COVID‐19 crisis and its effect on aviation mental health

COVID‐19 crisis and its effect on aviation mental health

Joint statement by the European Pilot Peer Support Initiative (EPPSI) and their founding organisations: European Association for Aviation Psychology (EAAP), European Cockpit Association (ECA); European Society of Aerospace Medicine (ESAM) and Mayday Foundation

Airlines, aviation organisations and their employees were not prepared for a pandemic, like COVID‐19. Most European and international airlines have stopped flying or are focussing on cargo flights, medical and rescue operations or return flights. Most countries have issued strict quarantine and physical distancing measures.

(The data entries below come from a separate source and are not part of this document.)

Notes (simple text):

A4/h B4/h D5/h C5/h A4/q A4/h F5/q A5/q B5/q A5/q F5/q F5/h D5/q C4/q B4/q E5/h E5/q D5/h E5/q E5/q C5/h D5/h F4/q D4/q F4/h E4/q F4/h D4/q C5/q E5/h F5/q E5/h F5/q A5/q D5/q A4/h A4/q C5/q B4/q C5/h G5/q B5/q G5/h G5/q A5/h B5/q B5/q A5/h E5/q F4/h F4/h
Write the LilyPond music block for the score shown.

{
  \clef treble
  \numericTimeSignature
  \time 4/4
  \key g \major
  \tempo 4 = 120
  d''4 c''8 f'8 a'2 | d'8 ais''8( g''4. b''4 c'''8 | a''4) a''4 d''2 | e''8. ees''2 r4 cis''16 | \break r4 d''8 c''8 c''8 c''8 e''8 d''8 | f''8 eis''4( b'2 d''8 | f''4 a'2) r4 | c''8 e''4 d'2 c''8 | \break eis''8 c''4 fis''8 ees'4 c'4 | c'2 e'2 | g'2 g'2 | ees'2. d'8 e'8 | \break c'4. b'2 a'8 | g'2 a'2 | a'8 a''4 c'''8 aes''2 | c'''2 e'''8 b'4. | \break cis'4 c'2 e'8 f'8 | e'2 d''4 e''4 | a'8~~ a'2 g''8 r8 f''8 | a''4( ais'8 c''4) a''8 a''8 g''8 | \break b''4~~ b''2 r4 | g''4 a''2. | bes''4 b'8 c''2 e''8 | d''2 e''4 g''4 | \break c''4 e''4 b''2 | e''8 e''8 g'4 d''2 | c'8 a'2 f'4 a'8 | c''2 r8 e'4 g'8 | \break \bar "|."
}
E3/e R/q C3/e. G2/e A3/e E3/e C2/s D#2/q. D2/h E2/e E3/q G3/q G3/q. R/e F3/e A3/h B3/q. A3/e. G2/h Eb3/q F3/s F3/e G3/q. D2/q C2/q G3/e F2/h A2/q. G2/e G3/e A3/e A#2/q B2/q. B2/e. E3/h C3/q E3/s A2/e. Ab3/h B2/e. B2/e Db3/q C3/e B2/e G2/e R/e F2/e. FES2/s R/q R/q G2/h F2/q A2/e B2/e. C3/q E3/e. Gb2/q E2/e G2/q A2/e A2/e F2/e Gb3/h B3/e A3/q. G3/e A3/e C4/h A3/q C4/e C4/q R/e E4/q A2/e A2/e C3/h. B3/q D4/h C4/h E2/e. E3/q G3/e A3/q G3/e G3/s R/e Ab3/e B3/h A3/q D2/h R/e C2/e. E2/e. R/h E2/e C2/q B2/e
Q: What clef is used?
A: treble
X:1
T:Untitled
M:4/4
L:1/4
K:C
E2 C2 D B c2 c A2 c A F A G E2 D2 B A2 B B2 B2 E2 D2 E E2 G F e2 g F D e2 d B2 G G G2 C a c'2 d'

The COVID‐19 crisis exposes all flight crews, their relatives and passengers to particularly high psychological stressors such as:
• Increased workload due to intensive cargo operations, emergency operations, or due to crisis situations in flight operations;
• Changed cooperation and team climate due to preventive measures;
• Increased risk of infection due to contact with potentially infected passengers, with flight or from surfaces on the flight deck/ in the cabin, at the airport;
• Additional workflows and work processes by handling infected passengers or crew;
• Long and irregular working hours, reduced rest opportunities and potential fatigue, combined with a difficult childcare situation at home;
• Home quarantine for those infected or under strong suspicion;
• Job insecurity, loss of income and potential loss of employment.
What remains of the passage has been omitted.